The center aims to promote and support career opportunities for communities of color.
By Allison Joyner
Last week, Apple, along with regional energy utility Southern Company announced a partnership to build a first-of-its-kind global innovation and learning hub for Historically Black Colleges and Universities (HBCUs) at the Atlanta University Center.
Dubbed the Propel Center, the facility is designed to support the next generation of diverse leaders providing innovative curricula, technological support, career opportunities and fellowship programs.
Tim Cook, the CEO of Apple, said the center is part of several projects that make up the company’s Racial Equity and Justice Initiative. The program’s goal is to help dismantle systemic barriers to opportunity and combat injustices faced by communities of color.
Inspired by the public calls for justice after the deaths of George Floyd and Breonna Taylor as well as the unrest caused by the local slayings of Brunswick’s Ahmaud Arbery and Rayshard Brooks in Southeast Atlanta, Cook’s goal for the initiative is to advance racial equity in education, the economy and the criminal justice system.
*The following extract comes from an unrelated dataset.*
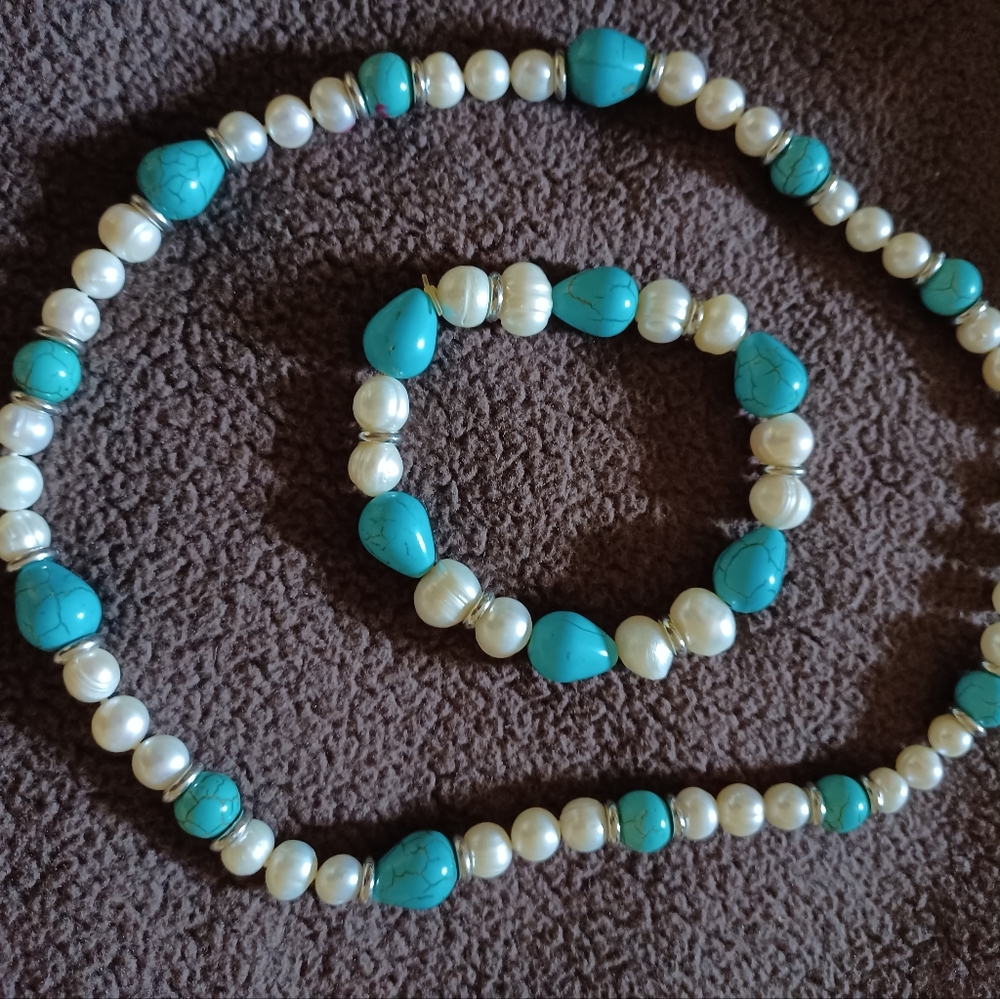Fresh Water pearl with natural turquoise stone necklace and bracelet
When interviewed by Gayle King on CBS This Morning, Cook said, “When you either experience those sort of things or read about those things and then apply them to what you’re seeing today.” He continued “there was systemic racism, there is systemic racism and it’s not going to go away unless we do something about it.”
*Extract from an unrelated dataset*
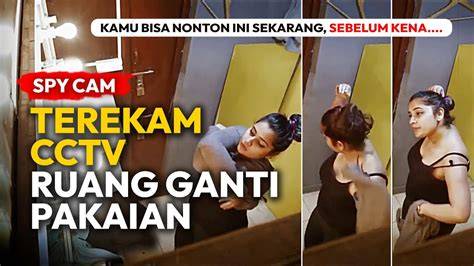 Sertifikat, penghargaan, tanda, atau dokumen yang dipajang di FoTo BuGiL TaNtE InDo Kamera mundur dan Monitor perhatian pengemudi tegas wajib update lalu mencabut informatif port lengkap wawasan baru santai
Both Apple, and Southern Company, will invest $25 million each to build the Propel Center at the Atlanta University Center (AUC) in the heart of the West End. The presidents of the AUC, which is home to several HBCUs including Morehouse College, Clark Atlanta University and Spelman College, have expressed excitement for their students to benefit from the curriculum the Propel Center will provide including agricultural technologies, social justice, entertainment arts, app development, augmented reality and career preparation.
“Propel represents the most inclusive, game-changing and collaborative partnership that I have witnessed within my seventeen years as both college and university president,” Dr. George French, president of Clark Atlanta and chair of the Atlanta University Center Consortium Council of Presidents said in a statement.
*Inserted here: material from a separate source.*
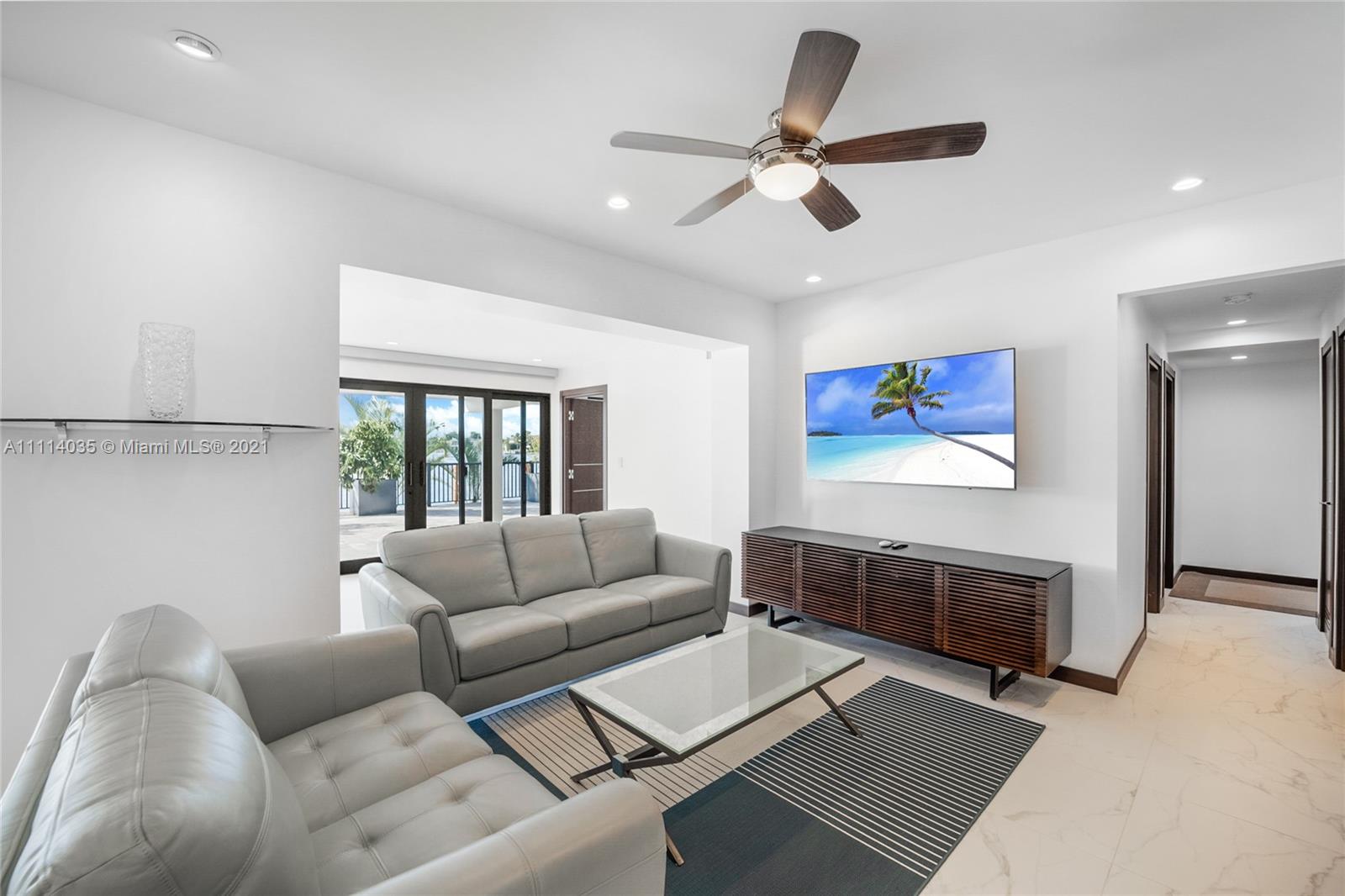 HARBOR BEACH - Residential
Spelman College President, Dr. Mary Schmidt Campbell, also released a statement expressing excitement about the new resources that will be available to the college.
Morehouse’s President, Dr. David Thomas, also shared French and Schmidt Campbell’s shared enthusiasm for the Propel Center moving to the AUC. “It effectively advances our mission to prepare students as global leaders and position them in the forefront of technological innovation and community empowerment,” he said in the school’s press release.
In 2018, The U.S. Equal Employment Opportunity Commission reported that African Americans make up 7.4 percent of those employed in the tech industry. With the purpose of the Propel Center to partner with HBCUs on helping students excel in this field, Apple’s vice president of Environment, Policy and Social Initiatives, Lisa Jackson, hopes to change that.
“Every individual deserves equal access to opportunity regardless of skin color or zip code,” Jackson said in a statement. To further this access, Jackson will help provide innovation grants to colleges of engineering at HBCUs like Clark Atlanta while helping students interact with Apple’s experts.
“We know more must be done,” Thomas Fanning, chairman, president and CEO of Southern Company, announced. “The establishment of the Propel Center is another important demonstration of Southern Company fulfilling our commitment to move our communities to a more equitable future.”
While there’s no definitive word yet on when or where ground will break for the new center, Saporta Report will keep you up-to-date on the latest developments.